**DATA SHOWN**.
= Beginning of Section =
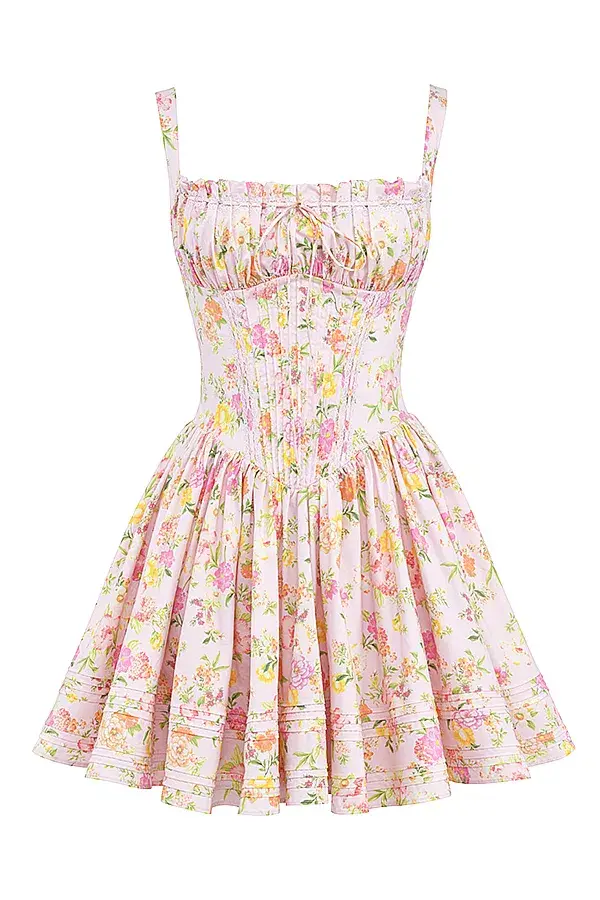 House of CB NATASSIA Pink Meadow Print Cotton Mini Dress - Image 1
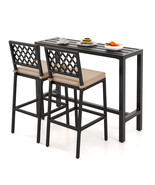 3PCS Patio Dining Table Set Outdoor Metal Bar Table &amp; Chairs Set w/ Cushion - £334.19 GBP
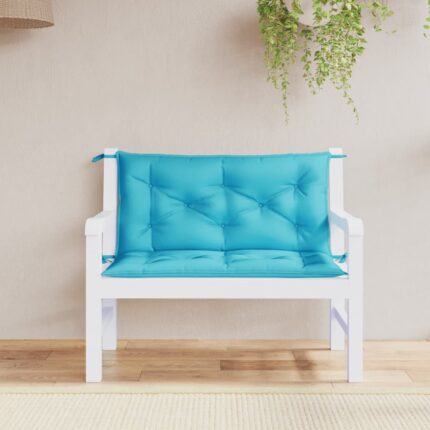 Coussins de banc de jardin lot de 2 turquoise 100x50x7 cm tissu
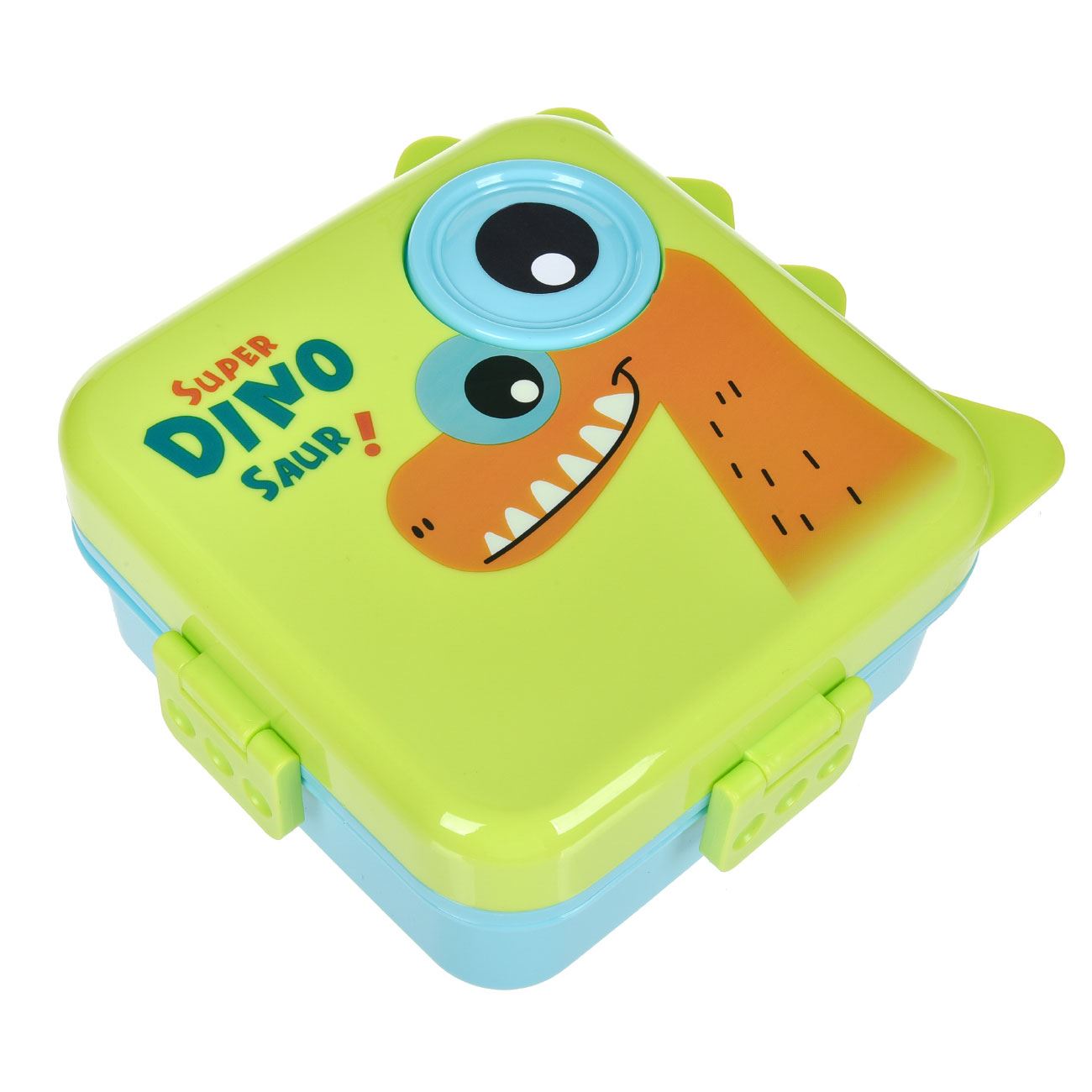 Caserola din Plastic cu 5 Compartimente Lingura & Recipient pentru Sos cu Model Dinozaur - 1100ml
= End of Section =
**PROBLEM DESCRIPTION**.
All of the material above should be set down again exactly, though not its pictures.

**RESPONSE AREA**.
 House of CB NATASSIA Pink Meadow Print Cotton Mini Dress - Image 1
 3PCS Patio Dining Table Set Outdoor Metal Bar Table &amp; Chairs Set w/ Cushion - £334.19 GBP
 Coussins de banc de jardin lot de 2 turquoise 100x50x7 cm tissu
 Caserola din Plastic cu 5 Compartimente Lingura & Recipient pentru Sos cu Model Dinozaur - 1100ml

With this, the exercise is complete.